WORK TASK
Pick out the lines in the listing below that contain the word "enxofre" and copy them.

SOURCE DATA
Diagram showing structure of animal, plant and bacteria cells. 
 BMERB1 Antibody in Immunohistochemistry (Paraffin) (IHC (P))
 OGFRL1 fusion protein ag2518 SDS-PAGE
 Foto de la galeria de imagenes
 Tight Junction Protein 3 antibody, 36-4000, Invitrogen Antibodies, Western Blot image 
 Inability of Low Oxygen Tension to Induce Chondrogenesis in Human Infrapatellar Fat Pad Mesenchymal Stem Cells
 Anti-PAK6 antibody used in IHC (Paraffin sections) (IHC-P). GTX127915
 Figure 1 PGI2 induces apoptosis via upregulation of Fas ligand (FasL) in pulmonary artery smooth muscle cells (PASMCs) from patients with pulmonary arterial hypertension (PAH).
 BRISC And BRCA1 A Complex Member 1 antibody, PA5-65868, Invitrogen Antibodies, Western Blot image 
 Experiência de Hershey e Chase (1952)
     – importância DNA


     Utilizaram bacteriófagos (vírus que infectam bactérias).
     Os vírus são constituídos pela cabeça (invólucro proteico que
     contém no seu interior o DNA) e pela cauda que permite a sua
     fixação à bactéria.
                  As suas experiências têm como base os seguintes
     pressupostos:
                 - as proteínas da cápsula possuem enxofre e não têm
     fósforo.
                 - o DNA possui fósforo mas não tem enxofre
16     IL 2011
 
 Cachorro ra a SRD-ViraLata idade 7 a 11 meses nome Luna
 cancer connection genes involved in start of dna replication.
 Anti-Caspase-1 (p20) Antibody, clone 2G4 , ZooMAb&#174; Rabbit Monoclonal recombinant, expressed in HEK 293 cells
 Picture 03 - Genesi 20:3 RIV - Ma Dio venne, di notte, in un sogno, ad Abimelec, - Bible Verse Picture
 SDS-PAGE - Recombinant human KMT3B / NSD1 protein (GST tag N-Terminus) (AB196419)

ANSWER TO THE PROBLEM
                 - as proteínas da cápsula possuem enxofre e não têm
                 - o DNA possui fósforo mas não tem enxofre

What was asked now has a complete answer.